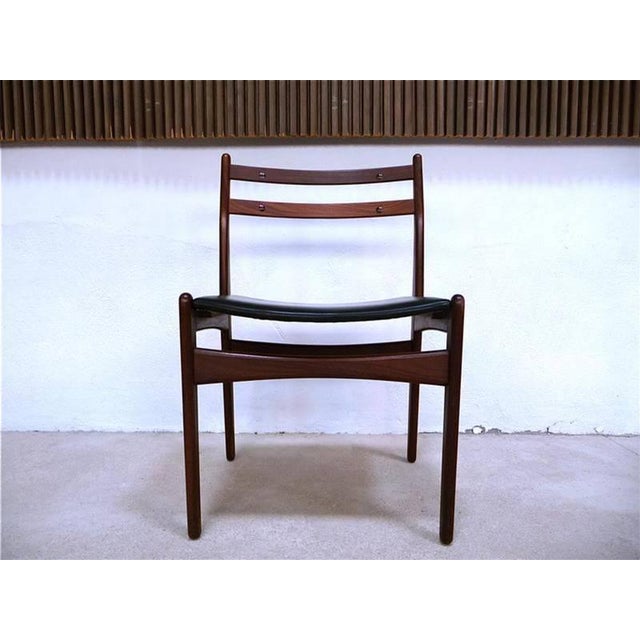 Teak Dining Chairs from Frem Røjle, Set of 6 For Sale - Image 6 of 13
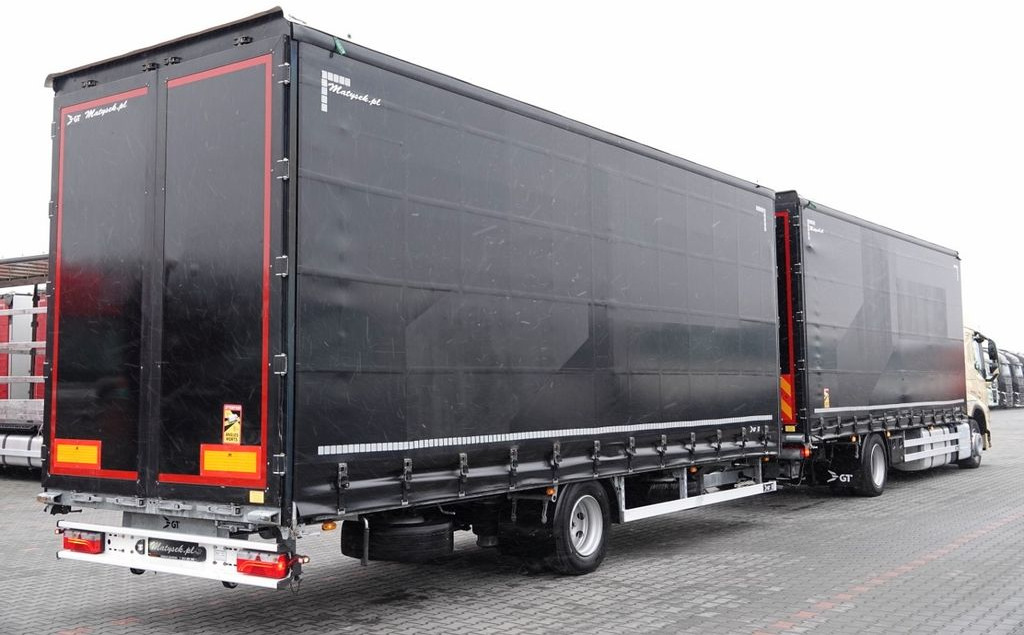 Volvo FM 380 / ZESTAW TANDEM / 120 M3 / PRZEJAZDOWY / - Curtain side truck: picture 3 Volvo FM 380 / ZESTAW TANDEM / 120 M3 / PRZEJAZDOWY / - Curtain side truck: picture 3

•••

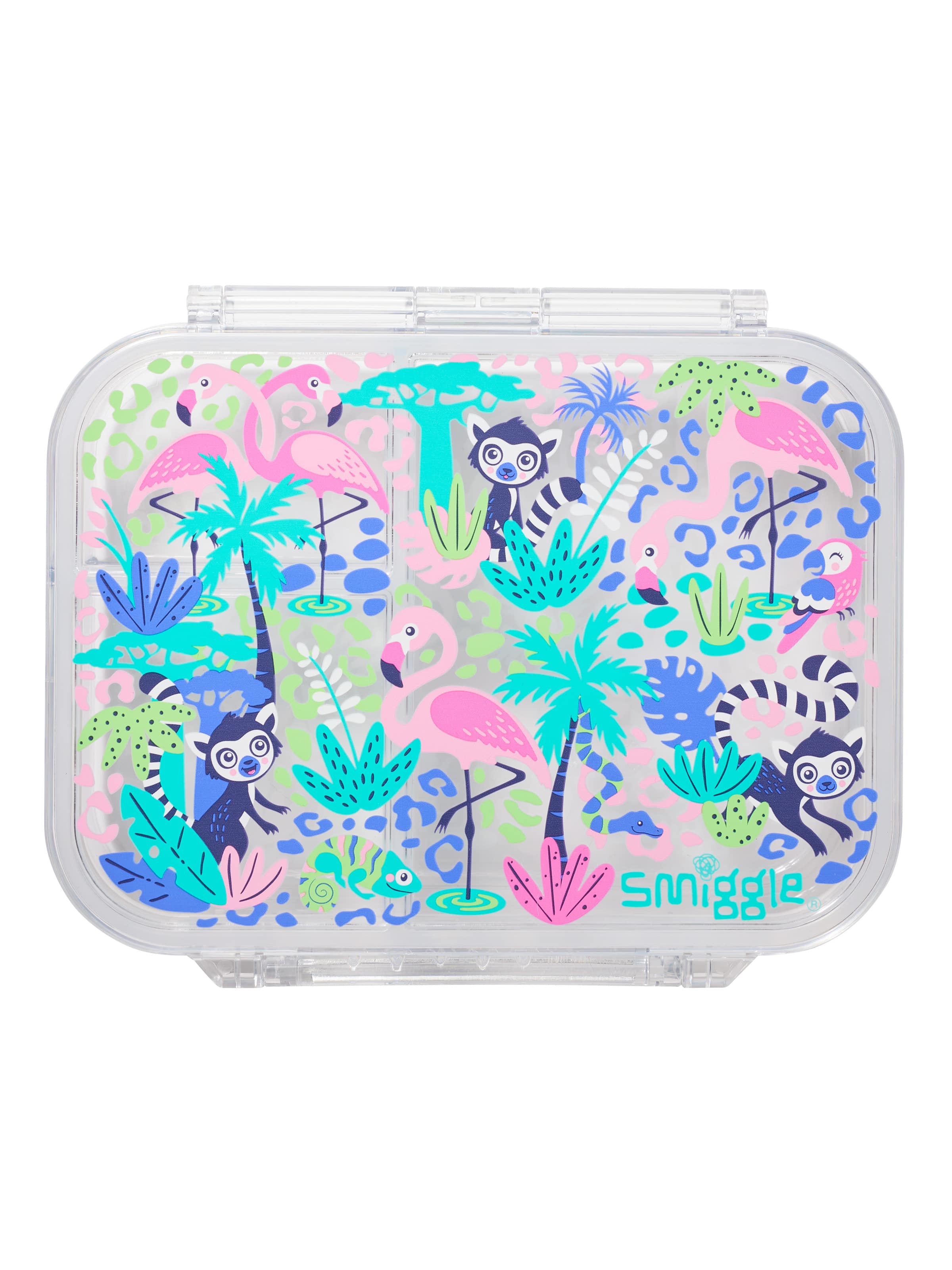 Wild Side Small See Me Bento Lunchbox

•••

Using the data above, transcribe exactly the lines between those containing "Teak Dining Chairs" and "picture 3 Volvo", inclusive, and leave every picture behind.

 Teak Dining Chairs from Frem Røjle, Set of 6 For Sale - Image 6 of 13
 Volvo FM 380 / ZESTAW TANDEM / 120 M3 / PRZEJAZDOWY / - Curtain side truck: picture 3 Volvo FM 380 / ZESTAW TANDEM / 120 M3 / PRZEJAZDOWY / - Curtain side truck: picture 3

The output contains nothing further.